This all looks great. We have pinned the SLA packets to Gi1 but user traffic to 8.8.8.8 can still use the secondary path. So far we have only used ICMP Echo, which is not the best way of determining if a path is healthy. Let’s look into some more advanced options.

IP SLA using DNS

Instead of sending ICMP Echo packets to DNS servers. What if we just sent DNS queries instead? Wouldn’t this be better? It would indeed as the job of a DNS server is to respond to DNS queries, not ICMP Echo packets. It’s possible to configure IP SLA to send DNS queries. Define the name to be queried and the name server in the IP SLA configuration:

ip sla 1
 dns google.com name-server 8.8.8.8
 frequency 10
!
ip sla schedule 1 life forever start-time now
Edge#show ip sla statistics 
IPSLAs Latest Operation Statistics

IPSLA operation id: 1
        Latest RTT: 8 milliseconds
Latest operation start time: 13:08:24 SWE Mon Aug 22 2022
Latest operation return code: OK
Number of successes: 4
Number of failures: 0
Operation time to live: Forever


Edge#show ip sla
Edge#show ip route trac
Edge#show ip route track-table 
 ip route 0.0.0.0 0.0.0.0 203.0.113.1 name PRIMARY track 1 state is [up]

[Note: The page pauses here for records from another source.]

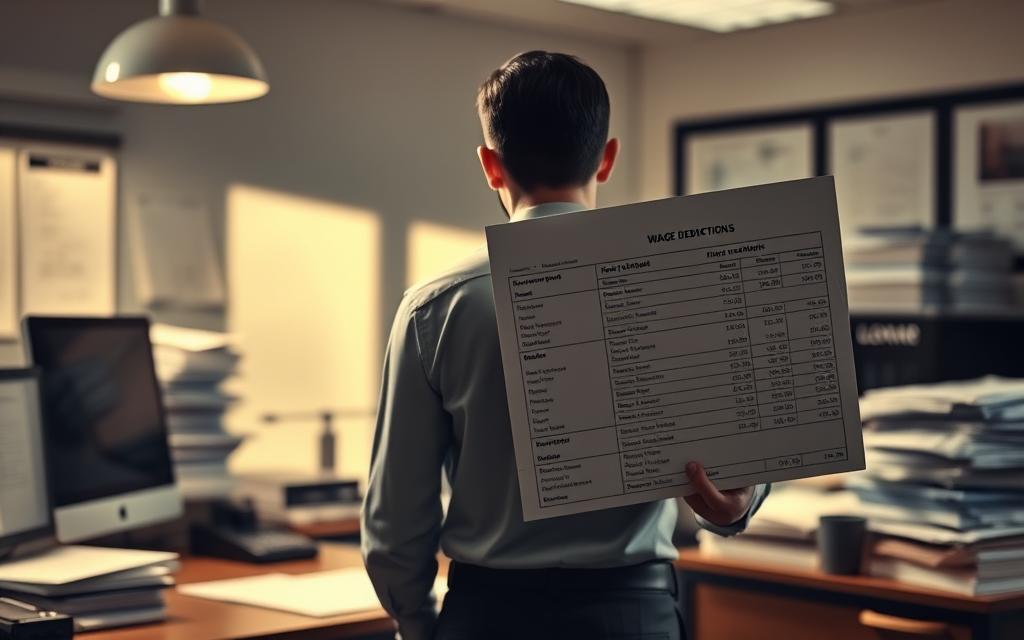 An Office Interior With A Desk, Computer, And Stacks Of Paperwork. A Human Figure, Representing An Employee, Stands Before The Desk, Their Expression One Of Concern As They Review A Detailed Pay Stub Showcasing Various Wage Deductions. Soft, Directional Lighting Illuminates The Scene, Casting Subtle Shadows That Add Depth And Drama. The Background Is Slightly Blurred, Keeping The Focus On The Central Figures And Financial Documents. An Atmosphere Of Unease And Uncertainty Pervades The Setting, Reflecting The Tension And Uncertainty Surrounding Legal Wage Withholding. An Office Interior With A Desk, Computer, And Stacks Of Paperwork. A Human Figure, Representing An Employee, Stands Before The Desk, Their Expression One Of Concern As They Review A Detailed Pay Stub Showcasing Various Wage Deductions. Soft, Directional Lighting Illuminates The Scene, Casting Subtle Shadows That Add Depth And Drama. The Background Is Slightly Blurred, Keeping The Focus On The Central Figures And Financial Documents. An Atmosphere Of Unease And Uncertainty Pervades The Setting, Reflecting The Tension And Uncertainty Surrounding Legal Wage Withholding.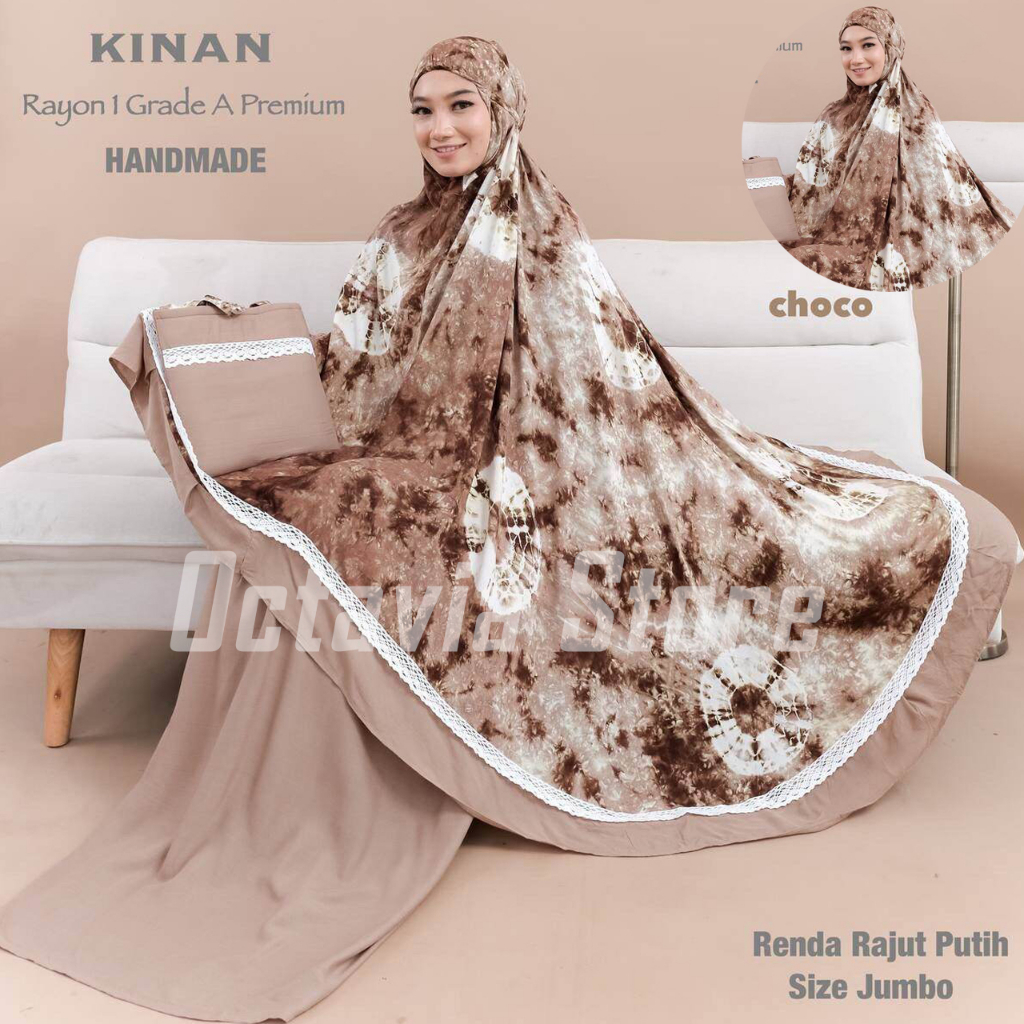 Mukenah Jumbo Rayon Premium motif Ori By Kinan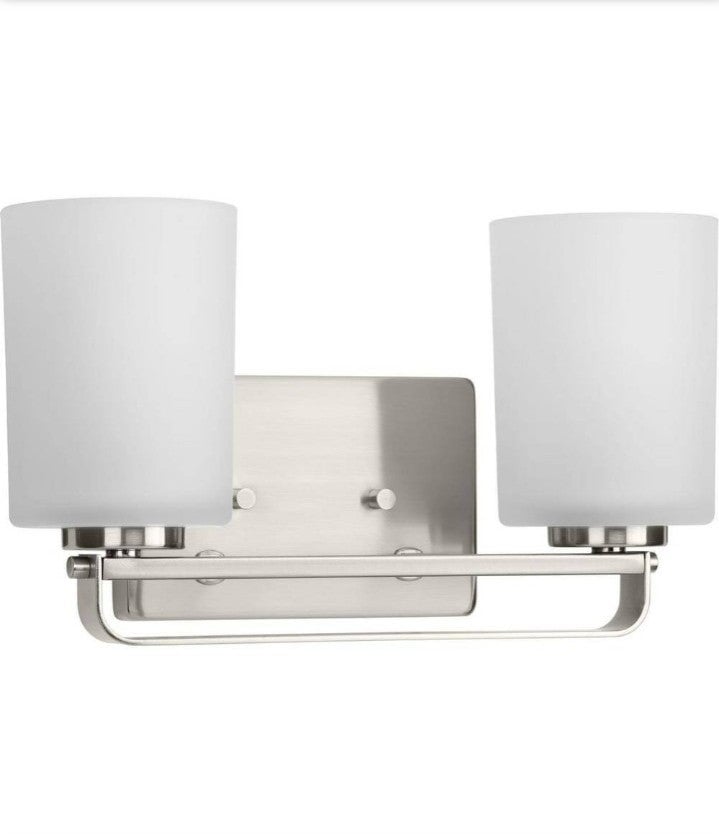 Progress lighting 2-Light Brushed Nickel Etched Glass Modern Farmhouse Bath Vani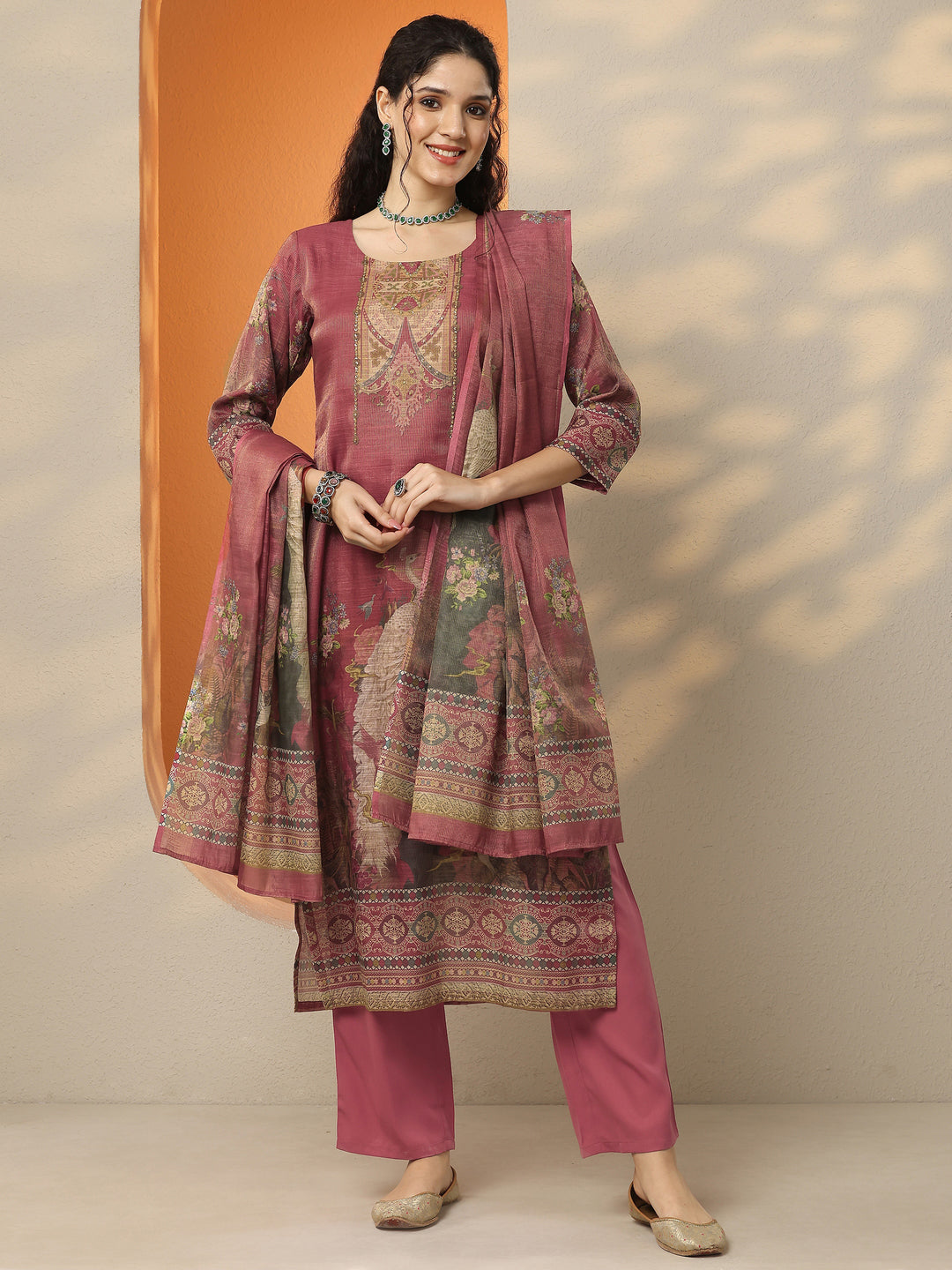 Maroon Printed Silk Blend Straight Suit Set With Dupatta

The default route is now installed based on that 8.8.8.8 responds to our query for the google.com name. This is a lot better! Consider this, though:

  • What happens if there is no response for google.com?
  • What happens if 8.8.8.8 does not respond at all?
  • What is the packet length of a DNS query?

Before answering the first two questions, why would we care about the packet size? What if DNS queries can go through but other user traffic can’t? Maybe the path does not allow for 1500 bytes packets due to some upstream issue… First, let’s check what the size of the SLA packet is by using some packet capturing magic:

Edge#debug platform condition ipv4 8.8.8.8/32 both
Edge#debug platform packet-trace packet 256
 Please remember to turn on 'debug platform condition start' for packet-trace to work
Edge#debug platform condition start 
Edge#show platform packet-trace sum
Pkt   Input                     Output                    State  Reason
0     INJ.2                     Gi1                       FWD    
1     Gi1                       internal0/0/rp:0          PUNT   11  (For-us data)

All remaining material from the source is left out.